WHAT IS BEING ASKED:
Below is the data. Give it again, complete and exact.

--- RECORDS TO USE Enclosed Below ---

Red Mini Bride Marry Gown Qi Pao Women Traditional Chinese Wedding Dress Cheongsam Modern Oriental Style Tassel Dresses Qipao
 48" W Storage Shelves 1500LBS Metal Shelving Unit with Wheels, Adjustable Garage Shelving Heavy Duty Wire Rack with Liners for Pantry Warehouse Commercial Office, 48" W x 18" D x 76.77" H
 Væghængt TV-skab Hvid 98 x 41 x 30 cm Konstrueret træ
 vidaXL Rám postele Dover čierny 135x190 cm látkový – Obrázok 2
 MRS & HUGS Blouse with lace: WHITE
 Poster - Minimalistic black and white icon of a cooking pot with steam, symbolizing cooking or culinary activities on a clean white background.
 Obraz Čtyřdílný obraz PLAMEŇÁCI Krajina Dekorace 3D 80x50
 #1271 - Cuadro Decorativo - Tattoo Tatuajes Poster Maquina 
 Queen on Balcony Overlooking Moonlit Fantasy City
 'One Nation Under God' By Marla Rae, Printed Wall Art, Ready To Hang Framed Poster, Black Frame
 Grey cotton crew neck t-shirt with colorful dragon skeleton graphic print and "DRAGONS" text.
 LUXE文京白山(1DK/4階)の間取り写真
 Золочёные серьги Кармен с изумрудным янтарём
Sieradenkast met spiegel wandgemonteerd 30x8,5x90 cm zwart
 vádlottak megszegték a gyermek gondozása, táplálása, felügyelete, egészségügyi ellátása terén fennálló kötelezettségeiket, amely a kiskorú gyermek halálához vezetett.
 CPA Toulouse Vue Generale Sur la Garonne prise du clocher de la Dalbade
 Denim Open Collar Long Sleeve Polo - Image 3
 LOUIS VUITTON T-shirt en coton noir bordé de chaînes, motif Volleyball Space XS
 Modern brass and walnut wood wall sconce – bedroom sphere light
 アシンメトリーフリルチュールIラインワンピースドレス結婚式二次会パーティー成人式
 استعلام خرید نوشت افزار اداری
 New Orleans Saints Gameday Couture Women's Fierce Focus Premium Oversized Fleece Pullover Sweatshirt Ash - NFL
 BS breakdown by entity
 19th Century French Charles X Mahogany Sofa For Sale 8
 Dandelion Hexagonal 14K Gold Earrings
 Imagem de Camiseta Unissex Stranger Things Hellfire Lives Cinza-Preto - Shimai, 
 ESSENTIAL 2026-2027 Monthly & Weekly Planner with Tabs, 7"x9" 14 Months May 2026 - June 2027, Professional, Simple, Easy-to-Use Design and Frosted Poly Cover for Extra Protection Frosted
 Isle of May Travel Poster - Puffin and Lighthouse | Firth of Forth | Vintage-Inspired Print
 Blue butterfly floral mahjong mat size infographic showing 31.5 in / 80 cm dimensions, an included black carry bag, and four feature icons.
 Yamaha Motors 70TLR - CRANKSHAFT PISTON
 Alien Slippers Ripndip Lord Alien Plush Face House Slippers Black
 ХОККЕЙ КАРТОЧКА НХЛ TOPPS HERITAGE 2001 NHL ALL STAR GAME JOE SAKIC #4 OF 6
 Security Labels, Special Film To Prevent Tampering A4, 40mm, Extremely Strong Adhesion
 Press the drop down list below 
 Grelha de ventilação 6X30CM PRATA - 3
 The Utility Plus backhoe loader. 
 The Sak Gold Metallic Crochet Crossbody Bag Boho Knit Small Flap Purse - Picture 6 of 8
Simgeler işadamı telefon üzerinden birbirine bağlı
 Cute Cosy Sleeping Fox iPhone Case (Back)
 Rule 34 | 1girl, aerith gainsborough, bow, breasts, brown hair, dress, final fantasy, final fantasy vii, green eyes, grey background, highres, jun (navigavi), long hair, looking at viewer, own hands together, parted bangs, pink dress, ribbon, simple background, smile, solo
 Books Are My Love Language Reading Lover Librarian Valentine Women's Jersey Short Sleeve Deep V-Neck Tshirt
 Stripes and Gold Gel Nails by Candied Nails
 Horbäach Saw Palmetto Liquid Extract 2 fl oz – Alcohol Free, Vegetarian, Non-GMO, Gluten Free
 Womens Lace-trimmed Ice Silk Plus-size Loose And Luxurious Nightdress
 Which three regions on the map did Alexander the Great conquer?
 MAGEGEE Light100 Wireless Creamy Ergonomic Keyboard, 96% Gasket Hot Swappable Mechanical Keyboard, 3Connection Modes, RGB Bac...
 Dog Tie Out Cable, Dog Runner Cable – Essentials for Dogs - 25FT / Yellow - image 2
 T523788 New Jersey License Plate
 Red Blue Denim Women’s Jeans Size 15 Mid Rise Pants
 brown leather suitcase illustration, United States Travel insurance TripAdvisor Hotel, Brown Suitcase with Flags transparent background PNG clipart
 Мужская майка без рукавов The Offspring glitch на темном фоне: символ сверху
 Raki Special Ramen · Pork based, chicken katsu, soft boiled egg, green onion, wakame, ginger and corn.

--- End of Enclosed RECORDS TO USE ---

RESULT OF THIS TASK:
Red Mini Bride Marry Gown Qi Pao Women Traditional Chinese Wedding Dress Cheongsam Modern Oriental Style Tassel Dresses Qipao
 48" W Storage Shelves 1500LBS Metal Shelving Unit with Wheels, Adjustable Garage Shelving Heavy Duty Wire Rack with Liners for Pantry Warehouse Commercial Office, 48" W x 18" D x 76.77" H
 Væghængt TV-skab Hvid 98 x 41 x 30 cm Konstrueret træ
 vidaXL Rám postele Dover čierny 135x190 cm látkový – Obrázok 2
 MRS & HUGS Blouse with lace: WHITE
 Poster - Minimalistic black and white icon of a cooking pot with steam, symbolizing cooking or culinary activities on a clean white background.
 Obraz Čtyřdílný obraz PLAMEŇÁCI Krajina Dekorace 3D 80x50
 #1271 - Cuadro Decorativo - Tattoo Tatuajes Poster Maquina 
 Queen on Balcony Overlooking Moonlit Fantasy City
 'One Nation Under God' By Marla Rae, Printed Wall Art, Ready To Hang Framed Poster, Black Frame
 Grey cotton crew neck t-shirt with colorful dragon skeleton graphic print and "DRAGONS" text.
 LUXE文京白山(1DK/4階)の間取り写真
 Золочёные серьги Кармен с изумрудным янтарём
Sieradenkast met spiegel wandgemonteerd 30x8,5x90 cm zwart
 vádlottak megszegték a gyermek gondozása, táplálása, felügyelete, egészségügyi ellátása terén fennálló kötelezettségeiket, amely a kiskorú gyermek halálához vezetett.
 CPA Toulouse Vue Generale Sur la Garonne prise du clocher de la Dalbade
 Denim Open Collar Long Sleeve Polo - Image 3
 LOUIS VUITTON T-shirt en coton noir bordé de chaînes, motif Volleyball Space XS
 Modern brass and walnut wood wall sconce – bedroom sphere light
 アシンメトリーフリルチュールIラインワンピースドレス結婚式二次会パーティー成人式
 استعلام خرید نوشت افزار اداری
 New Orleans Saints Gameday Couture Women's Fierce Focus Premium Oversized Fleece Pullover Sweatshirt Ash - NFL
 BS breakdown by entity
 19th Century French Charles X Mahogany Sofa For Sale 8
 Dandelion Hexagonal 14K Gold Earrings
 Imagem de Camiseta Unissex Stranger Things Hellfire Lives Cinza-Preto - Shimai, 
 ESSENTIAL 2026-2027 Monthly & Weekly Planner with Tabs, 7"x9" 14 Months May 2026 - June 2027, Professional, Simple, Easy-to-Use Design and Frosted Poly Cover for Extra Protection Frosted
 Isle of May Travel Poster - Puffin and Lighthouse | Firth of Forth | Vintage-Inspired Print
 Blue butterfly floral mahjong mat size infographic showing 31.5 in / 80 cm dimensions, an included black carry bag, and four feature icons.
 Yamaha Motors 70TLR - CRANKSHAFT PISTON
 Alien Slippers Ripndip Lord Alien Plush Face House Slippers Black
 ХОККЕЙ КАРТОЧКА НХЛ TOPPS HERITAGE 2001 NHL ALL STAR GAME JOE SAKIC #4 OF 6
 Security Labels, Special Film To Prevent Tampering A4, 40mm, Extremely Strong Adhesion
 Press the drop down list below 
 Grelha de ventilação 6X30CM PRATA - 3
 The Utility Plus backhoe loader. 
 The Sak Gold Metallic Crochet Crossbody Bag Boho Knit Small Flap Purse - Picture 6 of 8
Simgeler işadamı telefon üzerinden birbirine bağlı
 Cute Cosy Sleeping Fox iPhone Case (Back)
 Rule 34 | 1girl, aerith gainsborough, bow, breasts, brown hair, dress, final fantasy, final fantasy vii, green eyes, grey background, highres, jun (navigavi), long hair, looking at viewer, own hands together, parted bangs, pink dress, ribbon, simple background, smile, solo
 Books Are My Love Language Reading Lover Librarian Valentine Women's Jersey Short Sleeve Deep V-Neck Tshirt
 Stripes and Gold Gel Nails by Candied Nails
 Horbäach Saw Palmetto Liquid Extract 2 fl oz – Alcohol Free, Vegetarian, Non-GMO, Gluten Free
 Womens Lace-trimmed Ice Silk Plus-size Loose And Luxurious Nightdress
 Which three regions on the map did Alexander the Great conquer?
 MAGEGEE Light100 Wireless Creamy Ergonomic Keyboard, 96% Gasket Hot Swappable Mechanical Keyboard, 3Connection Modes, RGB Bac...
 Dog Tie Out Cable, Dog Runner Cable – Essentials for Dogs - 25FT / Yellow - image 2
 T523788 New Jersey License Plate
 Red Blue Denim Women’s Jeans Size 15 Mid Rise Pants
 brown leather suitcase illustration, United States Travel insurance TripAdvisor Hotel, Brown Suitcase with Flags transparent background PNG clipart
 Мужская майка без рукавов The Offspring glitch на темном фоне: символ сверху
 Raki Special Ramen · Pork based, chicken katsu, soft boiled egg, green onion, wakame, ginger and corn.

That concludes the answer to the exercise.